I realize that this problem is probably very trivial to most of you all here. But, this is a problem from a Calculus 1 class, and I was wondering what answer you all would get. I end up getting a selling price of $9.17.
Anne sells candles from her website. She can get a candle from her suppliers at a cost of $\$3$ to her. The candles have been selling for $\$5$, and at this price, consumers have been buying a steady $4000$ per month. Beth would like to raise prices, but a market surveyor told her that for each increase of $\$1$ in the price of an candle, she would lose $300$ more sales each month. At what price should she sell the candles to maximize her profit?

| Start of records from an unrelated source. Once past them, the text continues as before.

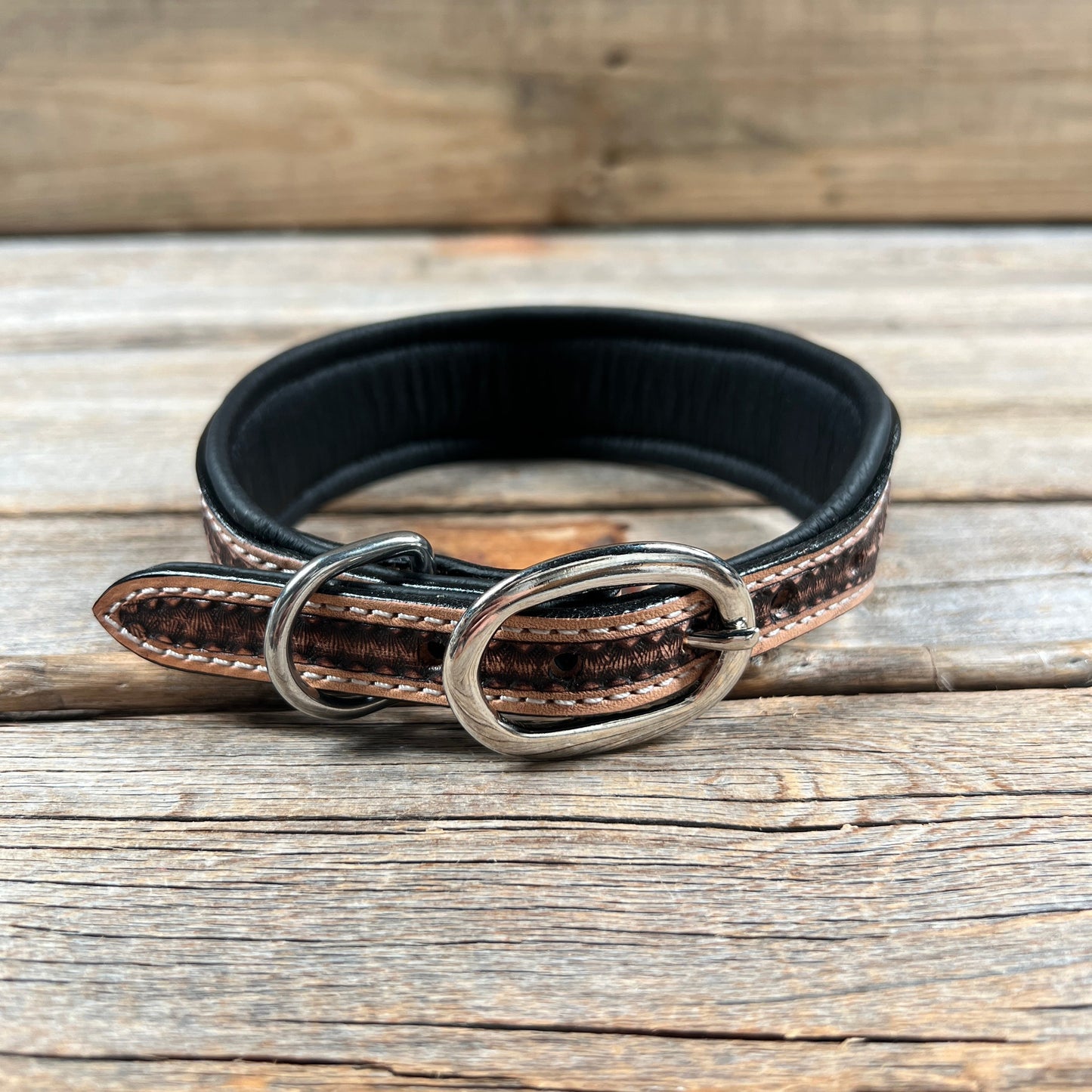 Tooled Light Blue and Black Leather Beaded Dog Collar #DC446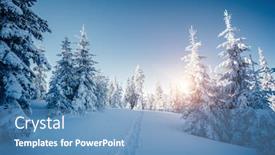  Presentation with winter scene - Beautiful PPT layouts featuring idyllic-white-spruces backdrop and a teal colored foreground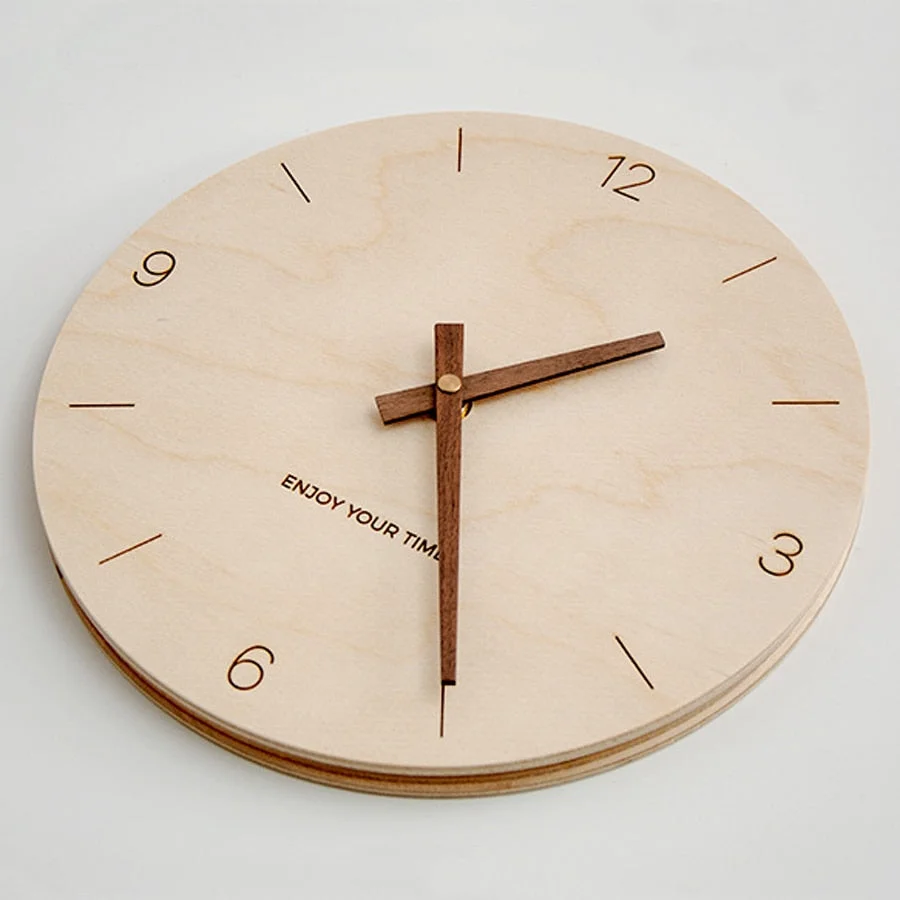 12 Inch Nordic Wooden Pendant Wall Clock for Living Room Creative Kitchen Hanging Clocks Wall Watch Home Furnishing Decoration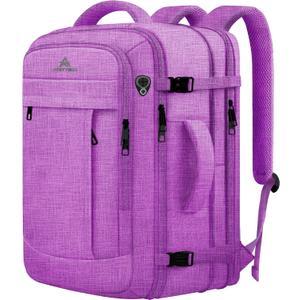 60L Carry On Backpack, Extra Large Laptop Backpack, Big Capacity Travel Backpack for Women, Expandable Water Resistant Bag Anti-Theft Business Daypack Fit 18 Inch Laptop with USB Port, Purple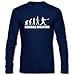 BASEBALL EVOLUTION -Herren Langarm T-Shirt in Navy / Weiss Gr. L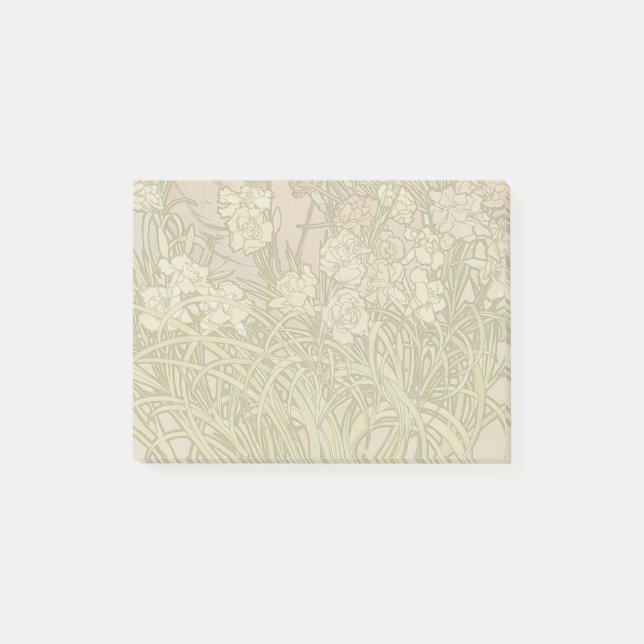 Post-it® Art Nouveau Alfonse Mucha fleurs d'oeillets floral (Devant)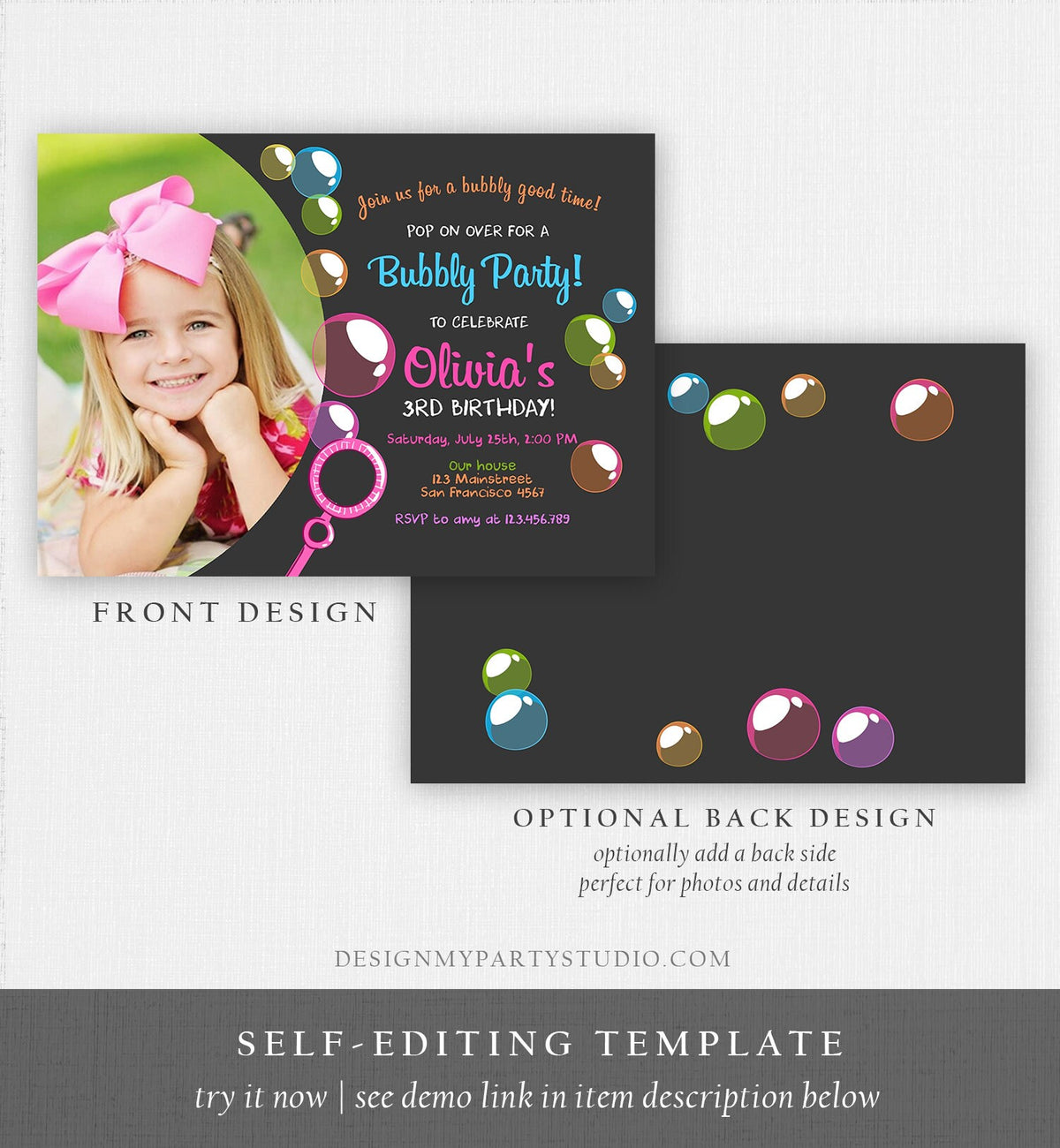 Editable Bubble Birthday Invitation Bubbles Birthday Party Invite Pop Girl Pink Purple Summer Download Printable Template Corjl Digital 0035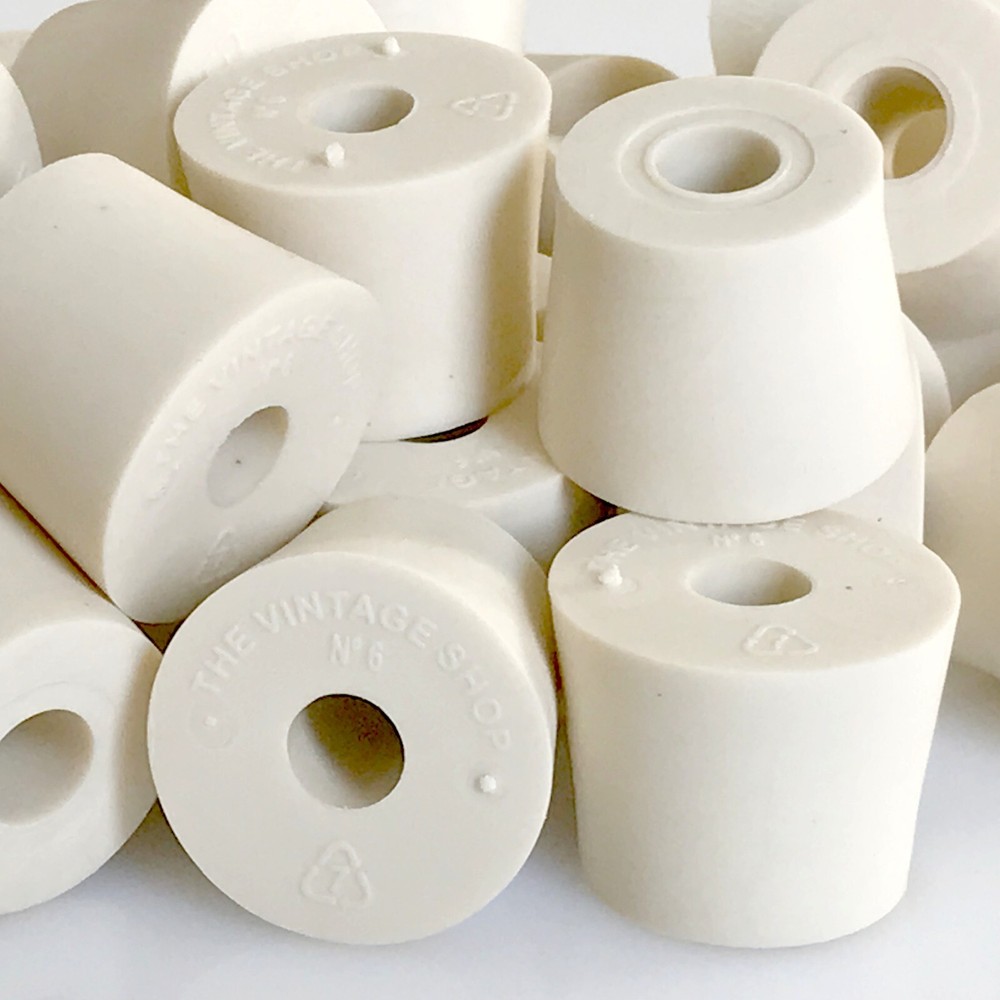 #6 Rubber Stopper with 3/8in Hole - 10-Pack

Now, I know that Profit = Revenue - Cost. For revenue, I calculated, $p∗[4000−300(p−5)]$, where $p$ is the amount of money that Anne should sell her candle. So, $p*[4000−300(p−5)]$ should be revenue. But then, for cost, do I also have to set cost = $3∗[4000−300(p−5)]$, and then solve for $p$, the price she should sell her candles, to maximize her profit?
You can do this entirely with algebra.
Profit = units * price - units * cost
$P = (4000-300(p-5))p - (4000-300(p-5))3\\ P = ap^2 + bp + c$
that is a parabola and we have a formula for the vertex.
$p = \frac {b}{2a}$
You can get fancy and use calculus. You can differentiate the same equation find where $\frac {dP}{dp} = 0$
A handy one for economics is to know "marginal revenue equals marginal costs."
That is:
Profit = Revenue - Costs
$\frac {d}{dq} P = \frac {d}{dq} R - \frac {d}{dq} C = 0\\ \frac {d}{dq} R = \frac {d}{dq} C$
Note that I am differentiating with respect to units and not prices. And unit cost is not changing.
$\frac {d}{dq} C = 3$
$R= pq\\ \frac {dR}{dq} = \frac {dp}{dq} q + p = 3\\ \frac {dq}{dp} = -300\\ \frac {dp}{dq} = \frac {1}{-300}\\ \frac {dR}{dq} = \frac {dp}{dq} q + p = 3\\ \frac {1}{-300}q + p = 3$
Everything up to the last line is preliminary and presented here just for background.
Now substitute $q = 4000 - 300 (p-5)$
$\frac {1}{-300}(4000 -300(p-5)) + p = 3\\ 2p + -\frac {5500}{300} = 3\\ p = \frac {55}{6} + \frac {3}{2} = \frac {32}{3}$